The teen pleaded guilty to both felony charges against him. He's awaiting sentencing in Illinois. He has also pleaded guilty to two felony theft charges in Iowa. But before he was even sentenced for those, he was charged with stealing more cars while also wearing a GPS ankle bracelet. Those charges are pending. Scott County's Juvenile Prosecutor Dion Trowers said they can't help the kids until the court process finishes.

"We can't start the programming until a juvenile has been sentenced," said Trowers.

He also told us the younger ages of these kids has become even more challenging.

"You're exposing them to kids that have more of a criminal history, criminal background," said Trowers.

Rock Island County statistics show the age group of kids connected to car thefts has shifted into 12, 13 and 14-year-olds. Scott County has seen a similar trend. TV-6 Investigates saw a 12-year-old in Church's courtroom wearing a sweatshirt affiliated with a local gang. His Facebook profile lists the same gang symbols we saw on the other teen's page.

The 12-year-old pleaded guilty to burglary and escape, after stealing a purse from an unlocked car in Rock Island and cutting off the ankle bracelet he was issued previously. His age worries outside experts like Western Illinois University Professor Barry McCrary, who spent years working in Pennsylvania's juvenile justice systems.

"The earlier a young person starts committing crimes, the likelihood of them committing crimes as an adult increases dramatically," said McCrary.

Church said it's harder to treat younger kids.

"Not all the services that we have available are geared to somebody who might be 12 or 13 years old, you might be thinking more like 15 or 16," said Church.

Both Iowa and Illinois limit what types of crimes a child must commit and how old a child is before they're even allowed to be sent to juvenile institutions. Church said judges have to weigh a number of factors before they can send a minor anywhere.

"Before you take a child or a minor in this case out of the home, you have to look at all the available options for services before that's done," said Church.

McCrary said that's good policy to help prevent young children from becoming institutionalized.

"You might have subconsciously learned that you can function in prison, in jail, in the detention center, because you've been in that environment," said McCrary.

Church hopes this car theft fad is over.

"My experience has been there are some phases that tend to happen and then to a certain extent, tend to run their course, let's hope this has run its course," said Church.

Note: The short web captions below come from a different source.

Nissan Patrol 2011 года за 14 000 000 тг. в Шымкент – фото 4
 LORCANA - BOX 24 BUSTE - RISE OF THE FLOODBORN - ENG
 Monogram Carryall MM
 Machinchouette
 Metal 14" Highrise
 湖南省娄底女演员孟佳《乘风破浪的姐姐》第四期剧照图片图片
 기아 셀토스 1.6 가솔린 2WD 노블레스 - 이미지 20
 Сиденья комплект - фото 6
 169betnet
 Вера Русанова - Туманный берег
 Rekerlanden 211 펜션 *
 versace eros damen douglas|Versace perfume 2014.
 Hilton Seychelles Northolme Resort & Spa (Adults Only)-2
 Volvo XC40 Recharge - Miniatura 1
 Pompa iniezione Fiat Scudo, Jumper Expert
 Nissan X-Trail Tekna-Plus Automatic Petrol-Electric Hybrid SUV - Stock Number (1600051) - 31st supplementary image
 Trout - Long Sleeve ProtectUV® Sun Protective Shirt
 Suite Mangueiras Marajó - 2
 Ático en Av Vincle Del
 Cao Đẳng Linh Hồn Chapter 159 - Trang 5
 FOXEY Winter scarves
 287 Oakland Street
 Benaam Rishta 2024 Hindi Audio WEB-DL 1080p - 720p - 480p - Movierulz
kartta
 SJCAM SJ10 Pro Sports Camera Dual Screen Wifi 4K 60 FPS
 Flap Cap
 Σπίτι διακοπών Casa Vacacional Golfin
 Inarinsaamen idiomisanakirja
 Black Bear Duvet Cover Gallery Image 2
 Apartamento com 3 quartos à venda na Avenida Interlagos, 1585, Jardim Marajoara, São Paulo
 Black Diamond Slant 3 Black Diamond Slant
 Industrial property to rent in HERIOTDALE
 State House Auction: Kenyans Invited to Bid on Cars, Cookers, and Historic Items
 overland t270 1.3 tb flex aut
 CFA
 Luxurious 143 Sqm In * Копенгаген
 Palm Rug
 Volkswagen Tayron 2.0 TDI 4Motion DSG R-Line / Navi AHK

There may be hope for some kids involved in such trends. We saw one other juvenile in Church's courtroom. His Facebook profile also shows the same gang symbols and the same types of pictures we saw with the other two kids. He pleaded guilty to driving a stolen car. Church sentenced him to two years probation and a term at Arrowhead Youth and Family services.

But during the hearing, Church reviewed the teen's behavior reports from the juvenile jail and a temporary stay at Arrowhead. Church told him they were some of the best he's ever seen and encouraged him to keep it up.